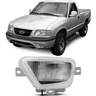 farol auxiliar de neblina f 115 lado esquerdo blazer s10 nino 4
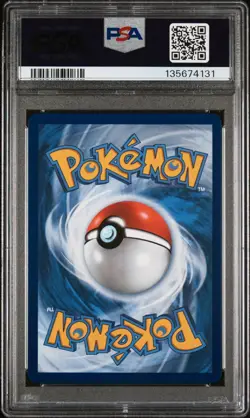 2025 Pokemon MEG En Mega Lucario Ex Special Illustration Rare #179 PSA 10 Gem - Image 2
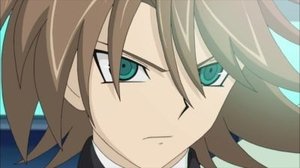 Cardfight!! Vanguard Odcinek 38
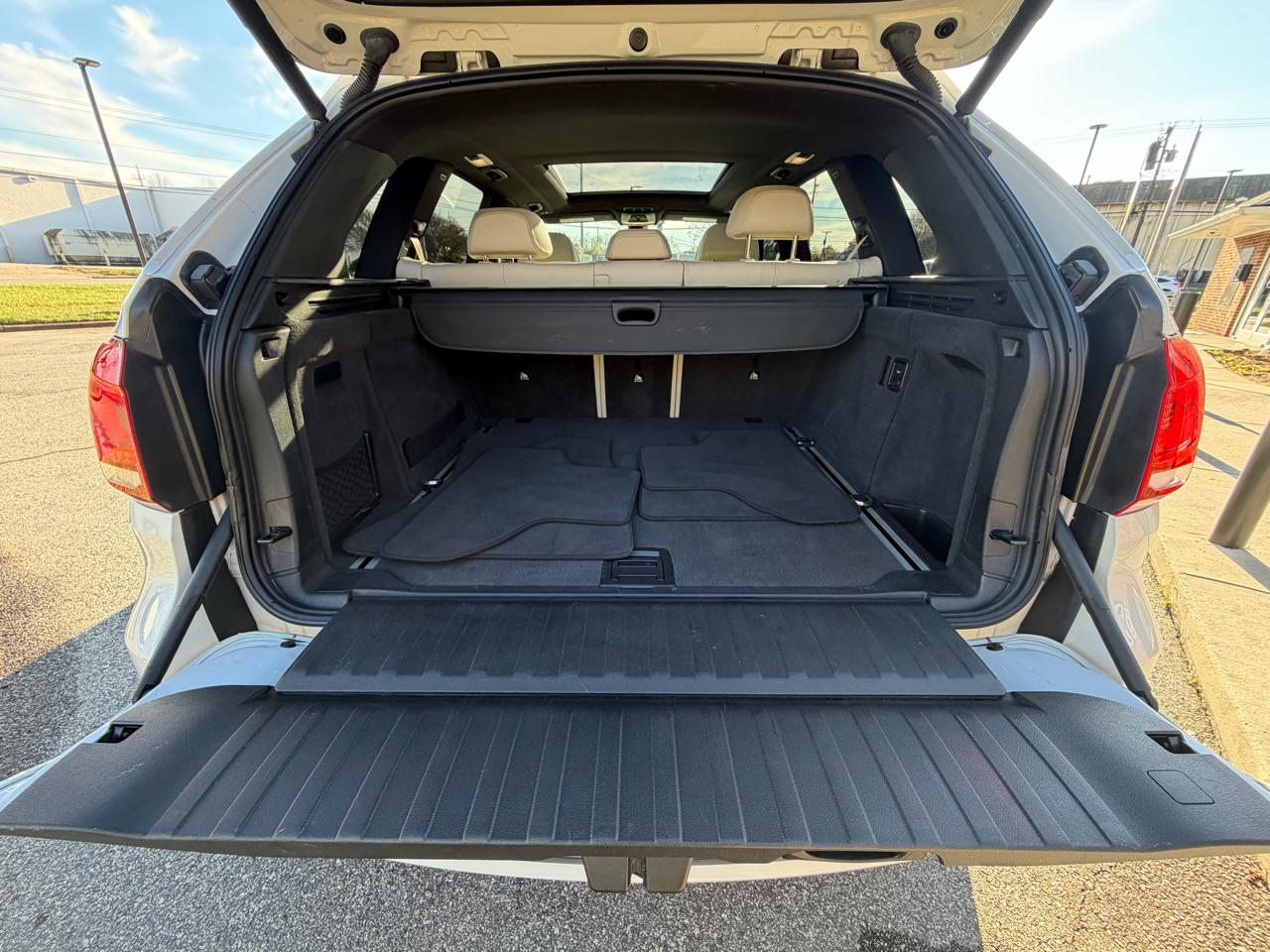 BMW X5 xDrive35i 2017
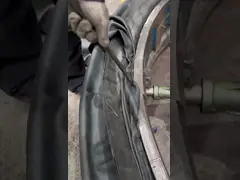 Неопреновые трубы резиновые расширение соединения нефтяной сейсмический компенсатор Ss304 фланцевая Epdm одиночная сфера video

* * *

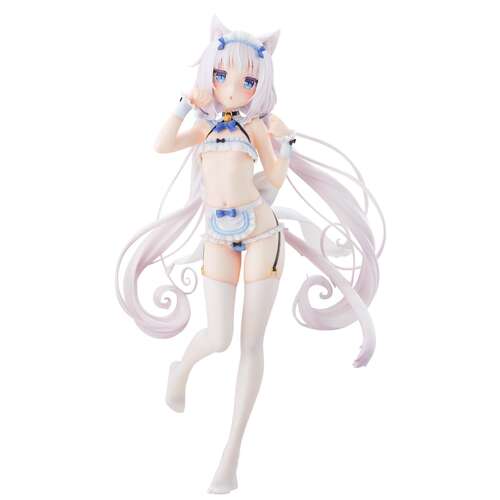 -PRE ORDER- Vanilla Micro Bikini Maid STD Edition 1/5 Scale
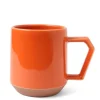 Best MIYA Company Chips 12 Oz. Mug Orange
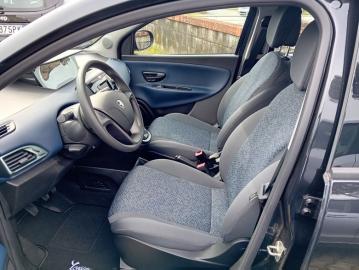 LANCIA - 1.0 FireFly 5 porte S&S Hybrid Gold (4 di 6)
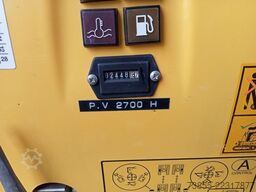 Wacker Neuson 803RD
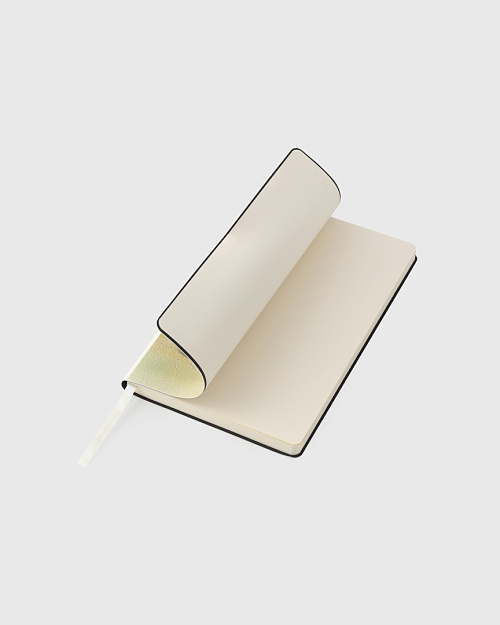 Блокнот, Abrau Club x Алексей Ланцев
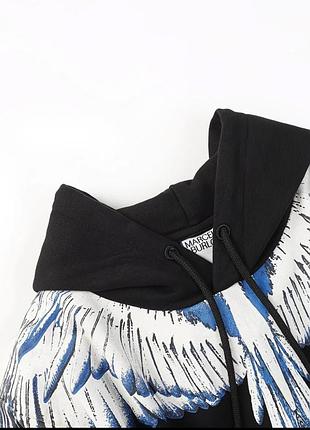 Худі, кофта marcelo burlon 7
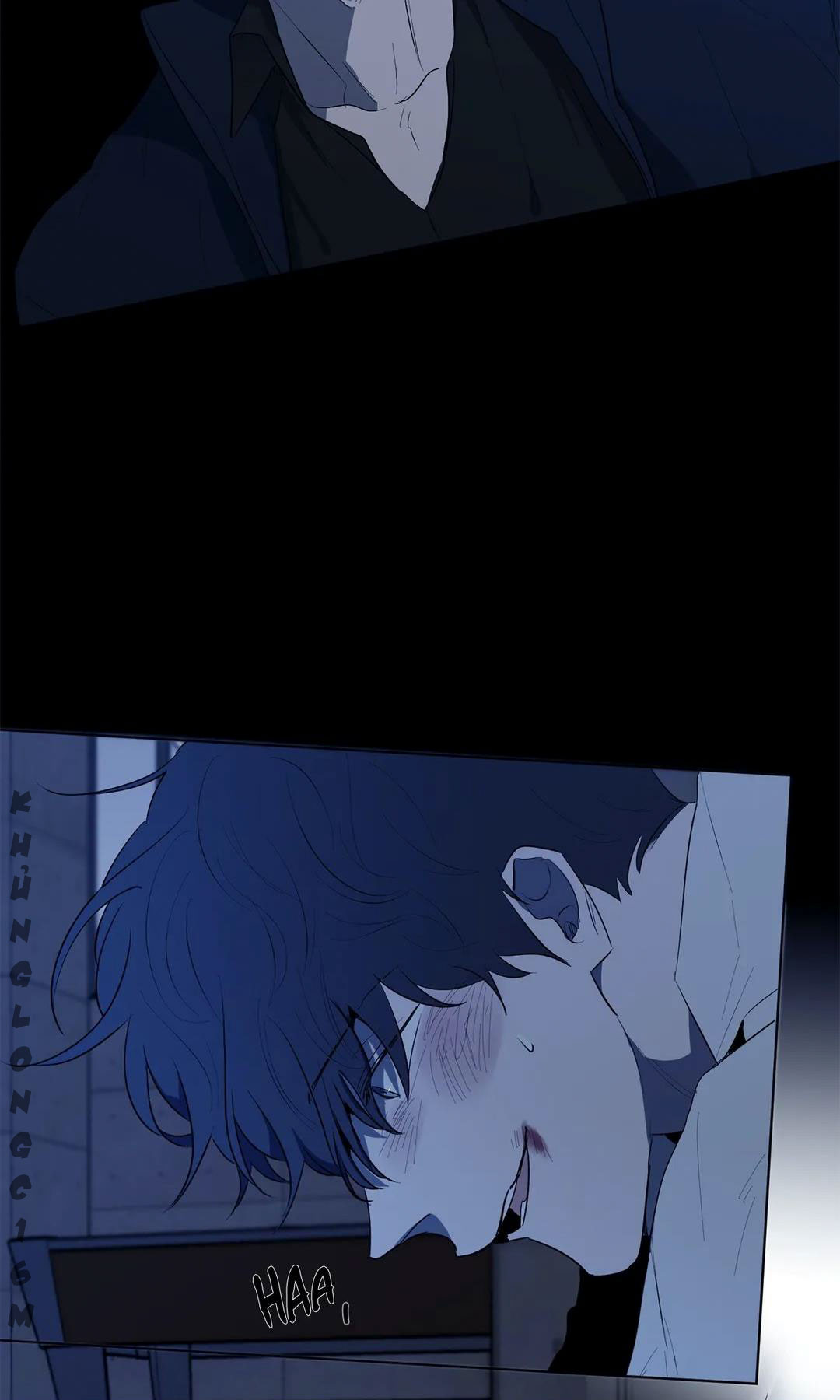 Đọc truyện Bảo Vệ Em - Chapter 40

* * *

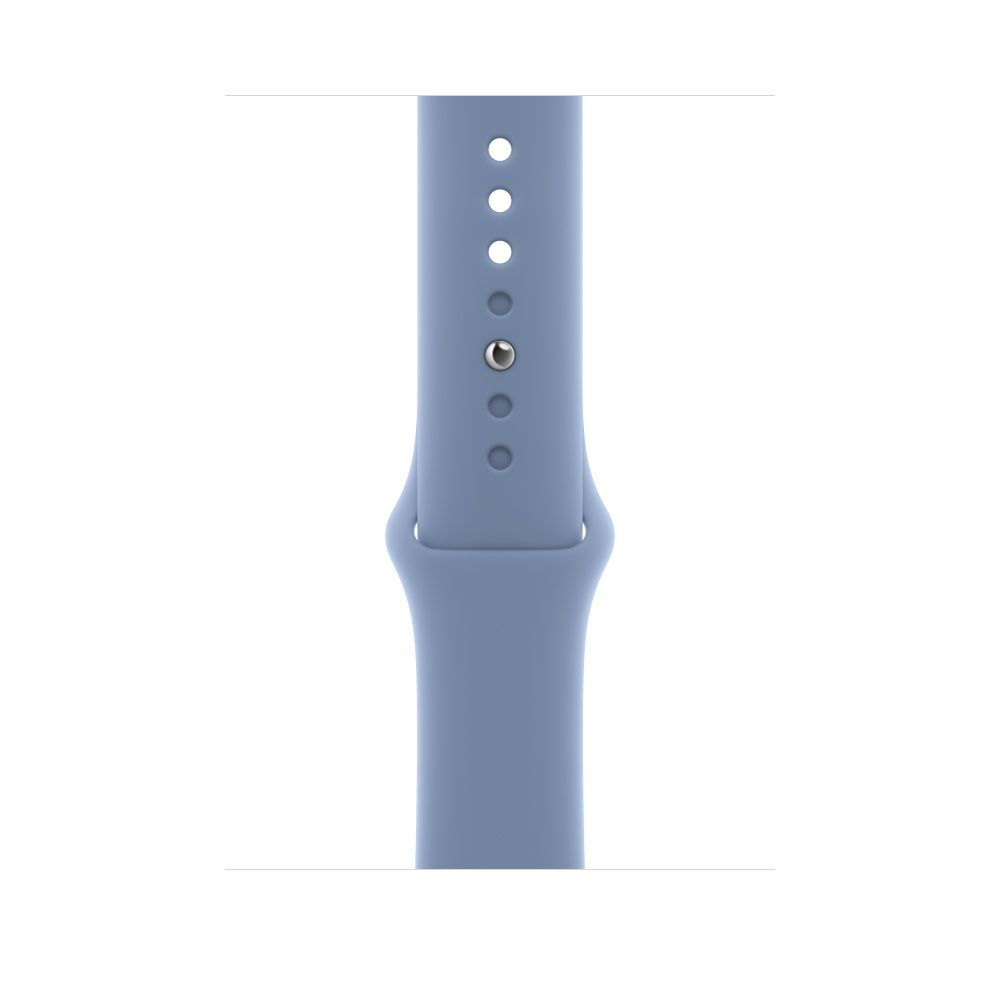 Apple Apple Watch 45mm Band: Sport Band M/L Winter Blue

■ **WORK TO COMPLETE**
Although the records above contain pictures, the copy should not; retype exactly the lines from the one containing "Cardfight!! Vanguard Odcinek 38" through the one containing "Неопреновые трубы резиновые".

■ **REPLY TO THE TASK**
 Cardfight!! Vanguard Odcinek 38
 BMW X5 xDrive35i 2017
 Неопреновые трубы резиновые расширение соединения нефтяной сейсмический компенсатор Ss304 фланцевая Epdm одиночная сфера video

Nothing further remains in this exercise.